É preciso destacar também que, além dos recursos, a iniciativa privada ainda tem muito
a contribuir para o desenvolvimento da infraestrutura do país, incentivando a criação
de pólos intermodais de transporte (integração entre os sistemas rodoviário,
ferroviário, marítimo, fluvial e aéreo) para redução de custos e aumento do nível de
serviços.
Um exemplo do potencial desses pólos é representado por um estudo do Geipot (Empresa
Brasileira de Planejamento em Transportes, ligada ao Ministério dos Transportes). Já em
2000, a empresa alertava que o melhor aproveitamento e a utilização racional dos canais
de transporte seria capaz de economizar em cerca de US$ 75 milhões os custos anuais de
escoamento de grãos. Para ilustrar o que estamos falando, basta destacar que um único
comboio na hidrovia Rio Madeira tem capacidade para 18 mil toneladas de grãos,
substituindo 600 carretas de 30 toneladas nos eixos Cuiabá (MS) / Santos (SP) e Cuiabá
(MS) / Paranaguá (PR).
Essa redução dos custos de transporte contribuiria diretamente para reduzir os custos de
nossos produtos, tornando-os mais competitivos no mercado internacional. Isso sem falar da
economia de combustível e de fretes, na redução do tráfego e desgaste das rodovias.

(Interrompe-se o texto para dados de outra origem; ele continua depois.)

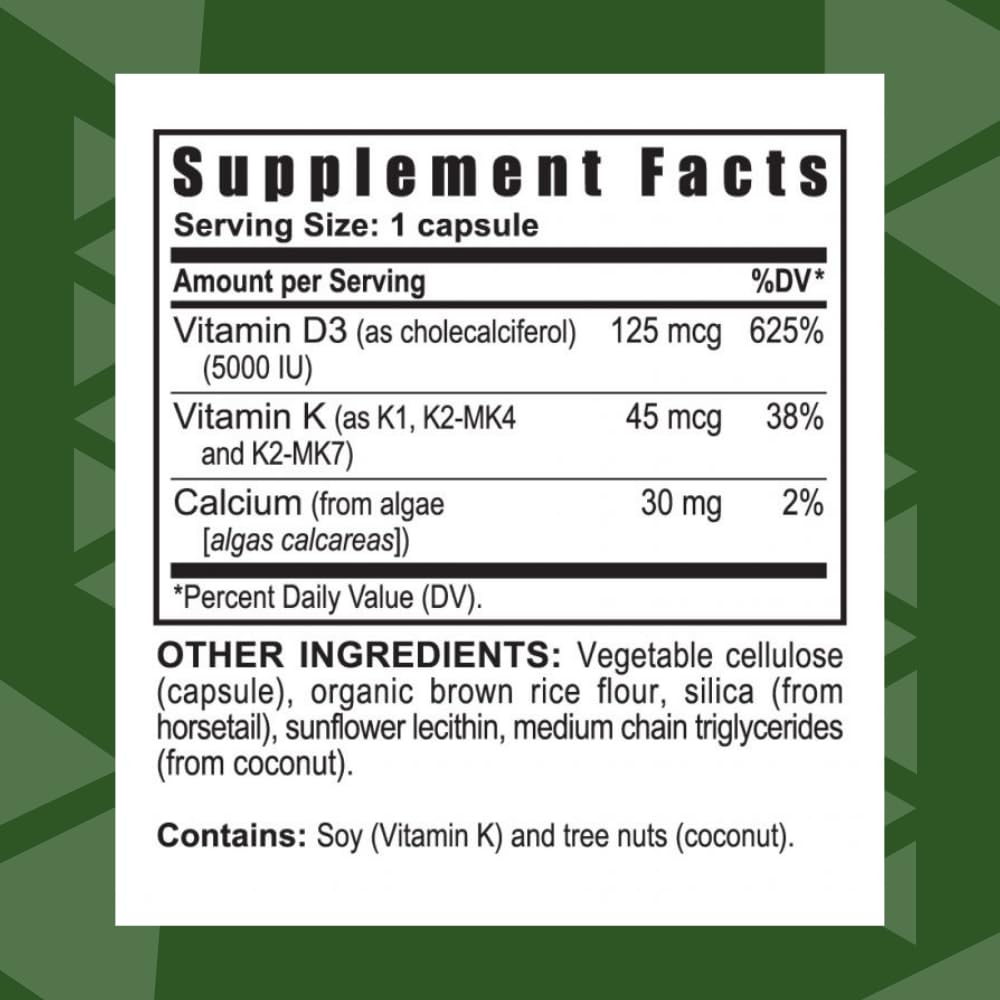 Frasco Youngevity vitamina d3 k2 soporte huesos e inmune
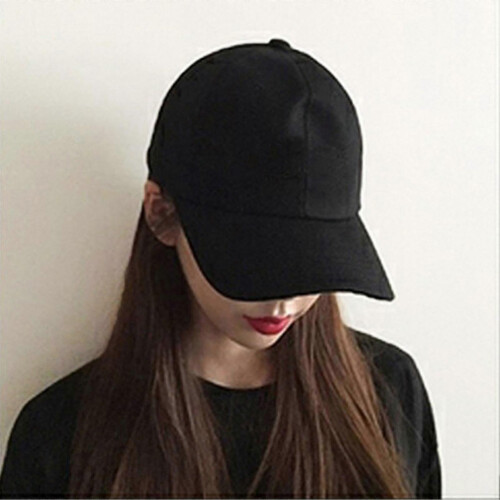 Casual Unisex Καπέλο Μπέιζμπολ Πλυμένο Μονόχρωμο Καλοκαιρινό Καπέλο Ηλίου για Γυν 2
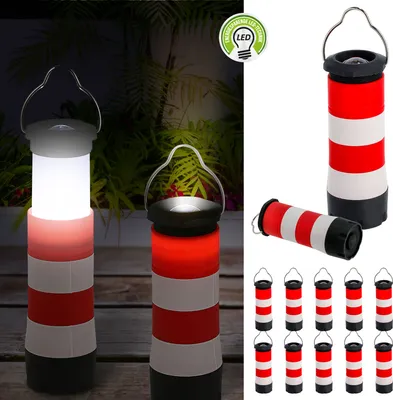 Produktbild von 3in1 Taschenlampe Leuchtturm 12er Set im Display Multifunktionslampe Tischlampe Hängelampe Lampe ausziehbar Zoomfunktion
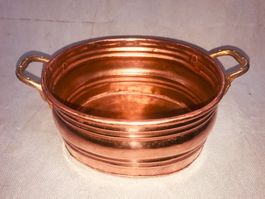 Alte Antik Kupfer-Messing schüssel, Kupferschale Schale 23cm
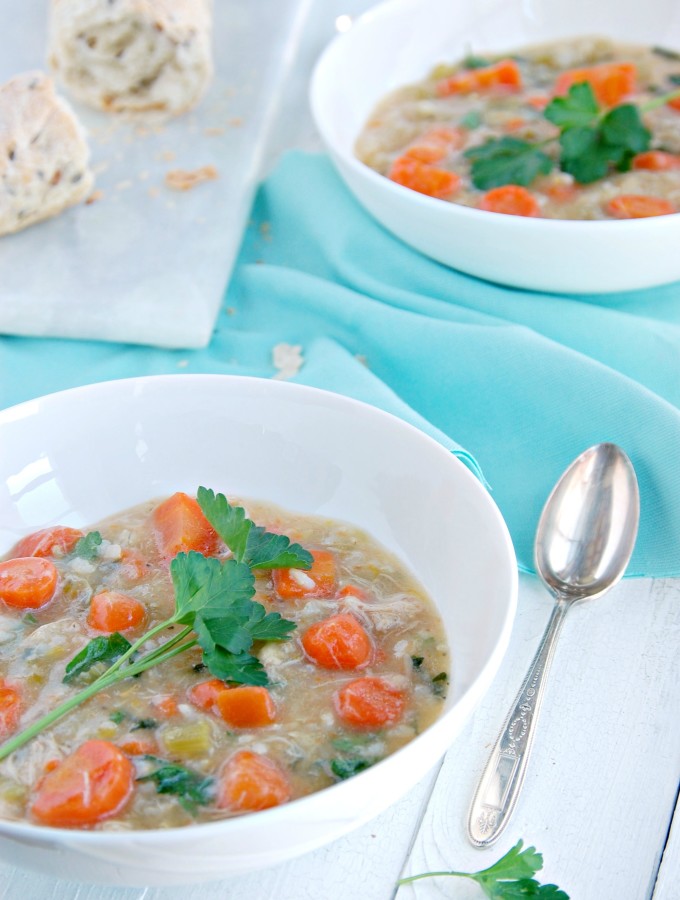 Chicken Vegetable Brown Rice Soup
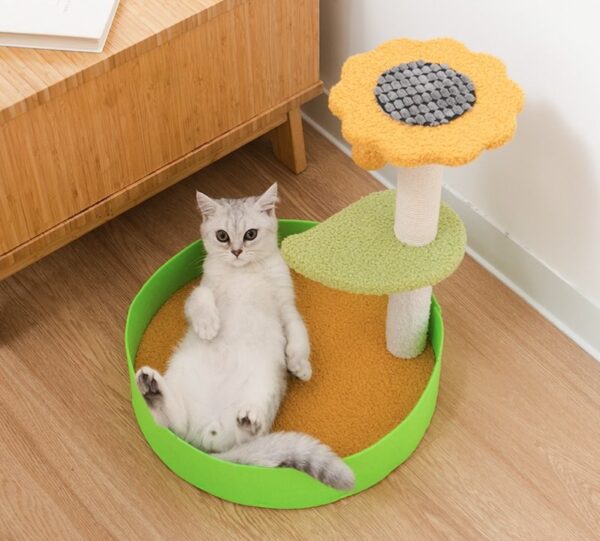 Cat Scratching Post with Top Perch and Ball - JHMPJMP02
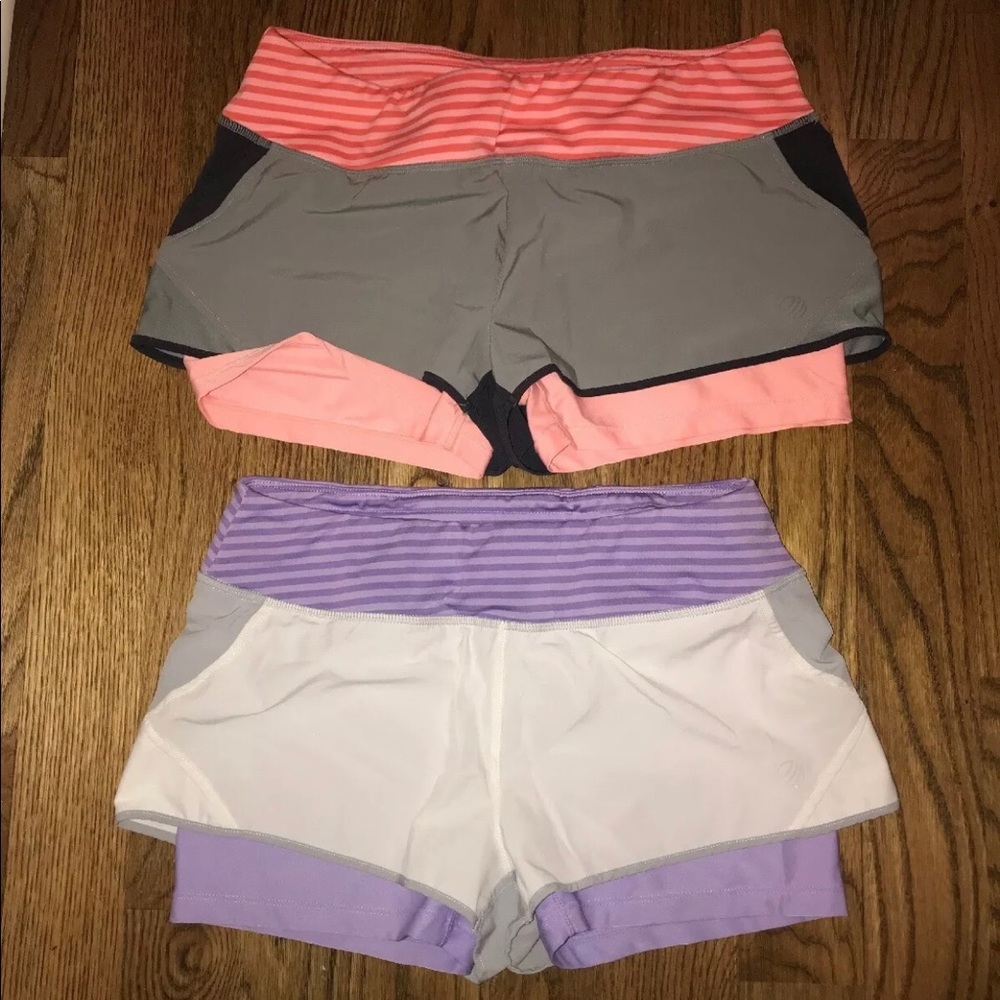 Set Of Two MPG women’s running shorts size Large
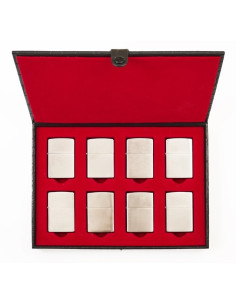 Zippo lighter luksus opbevaringsæske i ægte læder 2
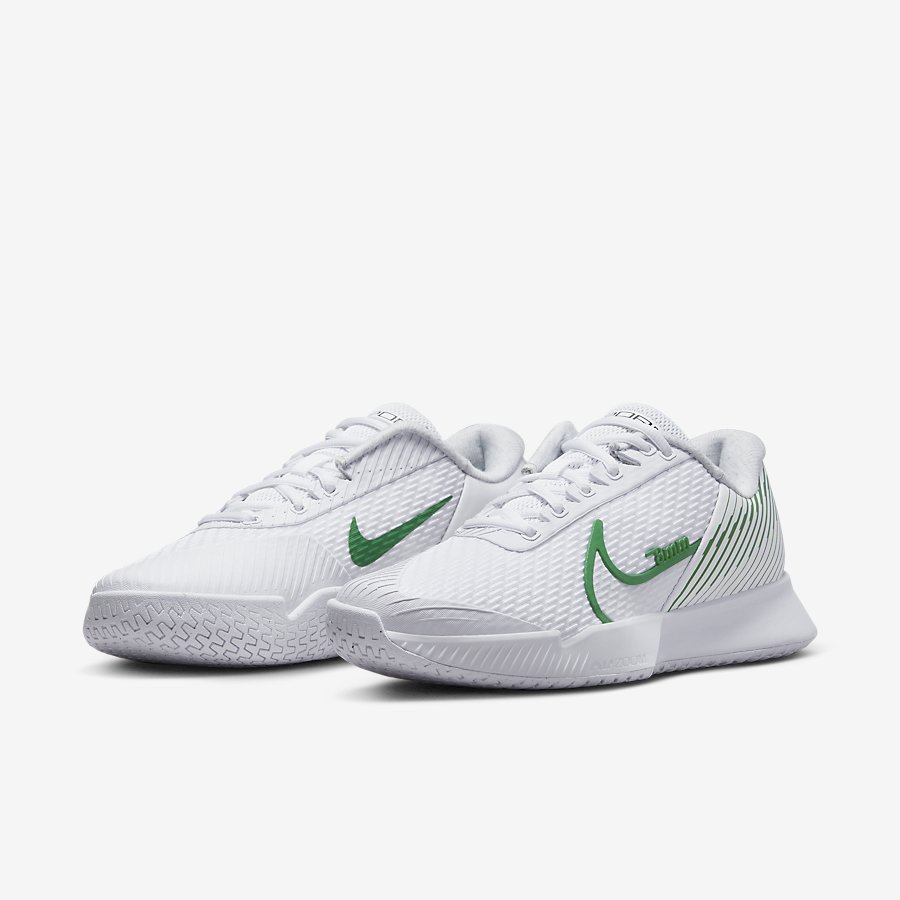 Giày NikeCourt Air Zoom Vapor Pro 2 Nữ Trắng Xanh Lá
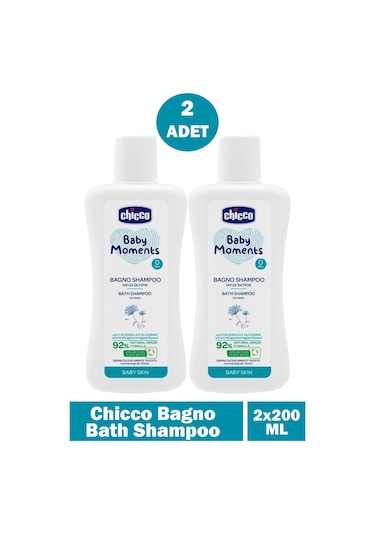Chicco Bagno Bath Shampoo 200 Ml 2 Adet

Como se vê, os obstáculos para o crescimento do agronegócio brasileiro são imensos,
mas as soluções também existem e estão prontas para serem colocadas em prática. O que
esperamos, como empresários, executivos e profissionais ligados à logística, é de que
tanto o governo nas esferas federal, estadual e municipal, quanto a iniciativa privada,
mantenham a sua determinação em modernizar a infra-estrutura brasileira.
fevereiro/2.004
Altamiro Borges,
Presidente da Associação Brasileira de Logística (ASLOG)
e da Universidade da Distribuição (UnD).